Vehicular sun visor

An improved vehicle sun visor of double wall construction is open along its bottom and side edges, and frictionally engages a captive, slidable auxiliary sun shield. The shield can be pulled outwardly from the visor in varying degree at any point along the visor's open bottom and side edges to selectively and precisely block blinding sun glare which bypasses the visor. This enables a vehicle operator to maintain a clear, safer forward view, which will reduce the number of highway accidents caused by sun glare and will significantly increase driver comfort and peace of mind.

BACKGROUND OF THE INVENTION 
Since the days of the horseless carriage all vehicular sun visors have 
suffered from a major and dangerous deficiency. When the rising or setting 
sun is sufficiently low on the horizon a driver is not protected by the 
sun visor against sun blinding from direct rays of the sun and/or bright 
reflections off other vehicles. This causes highway accidents ranging in 
severity from minor to fatal, and every year many people are injured or 
killed in such accidents. 
Since vehicle manufacturers have failed to provide a better sun visor 
design, a number of aftermarket accessory firms have promoted add-on 
devices which claim to remedy the sun glare problem, but which provide 
little if any practical benefit. These devices employ transparent tinted 
filter screens which fold or slide down from the bottom edge of the visor. 
But instead of blocking the sun's rays, they merely attenuate the rays. 
The rays still strike the driver's eyes, albeit with less intensity, but 
nevertheless greatly reduce the driver's ability to see. A further 
disadvantage is that these screens are always so wide that they cover most 
of a driver's forward vision, thereby undesirably and unsafely dimming his 
view of the highway ahead. 
Recently one automaker has incorporated a horizontally-slidable opaque 
panel into its visors which offers the benefit of increased glare 
protection on the sides of a visor. But the problem of preventing the most 
dangerous and common form of sun blinding--i.e. from rays passing under 
the visor--has remained unsolved. 
It is clear therefore that an important need exists for a fundamentally 
improved design for sun visors used in land, sea and air vehicles. 
OBJECTS OF THE INVENTION 
The primary object of my invention is to provide an improved vehicle sun 
visor which will significantly enhance safety during early morning and 
late afternoon hours, by reducing the number of injury and death-causing 
accidents that result from blinding sun glare. 

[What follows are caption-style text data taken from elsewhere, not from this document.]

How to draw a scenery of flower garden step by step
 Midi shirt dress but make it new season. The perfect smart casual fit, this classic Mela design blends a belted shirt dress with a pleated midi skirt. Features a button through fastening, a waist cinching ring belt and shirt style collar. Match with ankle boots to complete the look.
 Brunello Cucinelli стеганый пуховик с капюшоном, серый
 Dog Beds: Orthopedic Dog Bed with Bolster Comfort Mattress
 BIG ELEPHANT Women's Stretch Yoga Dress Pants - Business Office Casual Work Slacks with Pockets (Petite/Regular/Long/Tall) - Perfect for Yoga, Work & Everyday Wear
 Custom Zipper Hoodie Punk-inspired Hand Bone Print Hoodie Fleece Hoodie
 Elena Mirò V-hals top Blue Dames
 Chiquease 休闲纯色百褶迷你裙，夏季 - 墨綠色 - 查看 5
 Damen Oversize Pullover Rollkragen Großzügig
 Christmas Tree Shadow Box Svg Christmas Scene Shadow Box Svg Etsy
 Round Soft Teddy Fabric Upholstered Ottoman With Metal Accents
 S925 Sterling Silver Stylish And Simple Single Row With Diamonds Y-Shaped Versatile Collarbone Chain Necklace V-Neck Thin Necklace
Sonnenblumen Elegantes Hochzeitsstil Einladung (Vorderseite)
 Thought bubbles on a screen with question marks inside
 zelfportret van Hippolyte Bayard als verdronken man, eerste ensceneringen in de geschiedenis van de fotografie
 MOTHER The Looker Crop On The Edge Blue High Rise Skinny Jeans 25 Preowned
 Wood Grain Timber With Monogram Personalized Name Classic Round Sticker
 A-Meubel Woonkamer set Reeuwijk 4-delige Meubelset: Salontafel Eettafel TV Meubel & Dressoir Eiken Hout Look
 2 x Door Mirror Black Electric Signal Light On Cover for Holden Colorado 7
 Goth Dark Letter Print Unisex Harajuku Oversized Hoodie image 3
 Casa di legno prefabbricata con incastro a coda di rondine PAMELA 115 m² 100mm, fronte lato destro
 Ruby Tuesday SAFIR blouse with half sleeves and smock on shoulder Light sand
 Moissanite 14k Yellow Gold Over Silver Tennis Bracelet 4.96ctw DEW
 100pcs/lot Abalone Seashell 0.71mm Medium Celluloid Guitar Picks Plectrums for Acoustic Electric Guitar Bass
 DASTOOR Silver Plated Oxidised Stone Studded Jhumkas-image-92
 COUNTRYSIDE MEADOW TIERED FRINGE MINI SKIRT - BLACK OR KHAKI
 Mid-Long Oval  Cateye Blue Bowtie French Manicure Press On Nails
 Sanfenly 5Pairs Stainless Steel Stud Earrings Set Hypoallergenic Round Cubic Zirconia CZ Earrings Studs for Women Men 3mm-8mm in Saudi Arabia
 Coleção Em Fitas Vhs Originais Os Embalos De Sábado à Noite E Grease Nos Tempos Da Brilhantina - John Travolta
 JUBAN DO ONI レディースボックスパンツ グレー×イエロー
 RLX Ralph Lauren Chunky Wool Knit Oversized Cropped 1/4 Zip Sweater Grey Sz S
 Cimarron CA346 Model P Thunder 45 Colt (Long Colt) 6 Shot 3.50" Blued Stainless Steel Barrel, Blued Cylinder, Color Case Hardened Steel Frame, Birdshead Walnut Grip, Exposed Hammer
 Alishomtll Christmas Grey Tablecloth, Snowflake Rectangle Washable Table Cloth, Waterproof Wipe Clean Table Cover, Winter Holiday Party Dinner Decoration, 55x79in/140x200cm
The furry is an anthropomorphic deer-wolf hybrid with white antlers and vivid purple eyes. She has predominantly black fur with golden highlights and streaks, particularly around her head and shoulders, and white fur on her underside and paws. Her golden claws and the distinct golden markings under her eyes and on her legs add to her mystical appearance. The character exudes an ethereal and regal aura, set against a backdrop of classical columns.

A further object of my invention is to free vehicle operators from the 
discomfort, frustration, fear and stress caused by blinding sun glare. 
Another object of my invention is to provide an improved sun visor which 
can be substituted for all current visors. 
A further object of my invention is to provide an improved sun visor, 
simple in design and construction and low in manufacturing cost to 
encourage vehicle manufacturers to adopt its use immediately. 
A final object of my invention is to provide an improved sun visor with 
such potential for enhancing highway traffic safety that government 
regulatory agencies in the field of transportation will be motivated to 
mandate its use in all future vehicles. 
SUMMARY OF THE INVENTION 
The sun visor of my invention is comprised of a double-wall structure 
formed from two flat, fairly rigid, spaced slightly apart parallel panel 
wall members, which are generally rectangular in shape. The panels are 
joined at one of their longer edges to a generally rigid bridging spacer 
section which preferably is formed integrally with the panels. The inner 
edges of the panels define a slot which extends upwardly from the bottom 
edge to the bridging section. Thus the visor body is open along three 
sides, and the structure's cross-section is an inverted elongated U. 
On the inner side of the edge of one panel a continuous lip is formed along 
the outer and side edges. The lip projects towards the opposite inner 
wall, and is separated from it by a small gap. 
A thin flat slidable opaque member, smaller than the visor, is held 
frictionally between the walls of the visor. The slidable member functions 
as an auxiliary sun shield which can be pulled outwardly from the visor at 
any point to block sun glare which is bypassing the visor. The shield is 
provided with a small transverse stud at its inner end which cooperates 
with the aforesaid inner wall lip to limit the free travel of the shield 
and to retain the inner end of the shield captive between the visor walls. 
The shield may be circular but a preferred shape is generally rectangular, 
one of whose short sides is formed as a semicircle, the latter being the 
externally projecting end of the shield. 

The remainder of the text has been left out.